The Star – Wednesday, 13 Feb 2019
PETALING JAYA: The government stands to collect an additional few billion ringgit from individuals and companies with overseas bank accounts under the Special Voluntary Disclosure Programme (VDP), according to Tax Advisory and Management Services Sdn Bhd chief executive officer Yong Poh Chye.
The majority of individuals and companies own overseas bank accounts because of property purchases and investments.
According to Yong, it is impossible for tax evasion as Malaysia is a participant of several international tax agreements to identify errant individuals and firms.
“You cannot run if you have been under declaring or evading taxes.
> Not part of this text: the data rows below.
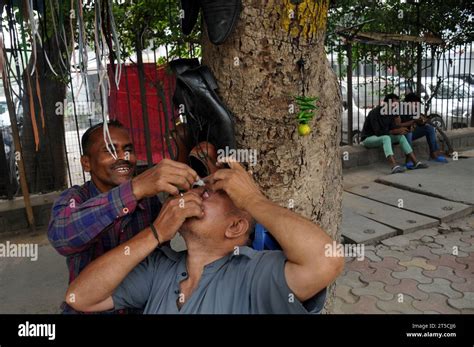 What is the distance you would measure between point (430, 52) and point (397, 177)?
2.98 metres

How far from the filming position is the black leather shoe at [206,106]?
1741 millimetres

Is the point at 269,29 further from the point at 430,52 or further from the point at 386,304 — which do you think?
the point at 430,52

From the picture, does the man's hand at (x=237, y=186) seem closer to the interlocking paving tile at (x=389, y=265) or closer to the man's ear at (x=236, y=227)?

Malaysia is part of the OECD multilateral convention (MLI), as well as the Common Reporting Standard (CRS), which makes it very difficult for people to hide with under declared income.
The Inland Revenue Board (IRB) introduced the VDP to enable taxpayers to make voluntary disclosures of income generated from sources within Malaysia and kept in overseas bank accounts which have yet to be declared for Malaysian tax purposes.
It has reduced the penalty for this to 10% if the income is reported by or before March 31, and 15% if done before or by June 30.
Come July 1, the penalty will be between 80% and 300%.
Malaysia has signed the MLI to implement tax treaty-related measures to prevent base erosion and profit shifting (BEPS) last January.
The MLI, covering 87 jurisdictions, came into force on July 1, 2018. Its aim is to implement a series of tax treaty measures to update international tax rules and reduce the opportunity for tax avoidance by multinational enterprises and Malaysian companies.
The IRB has issued a new version of its mutual agreement procedure guidelines on Dec 19, 2017, which aligns with the BEPS.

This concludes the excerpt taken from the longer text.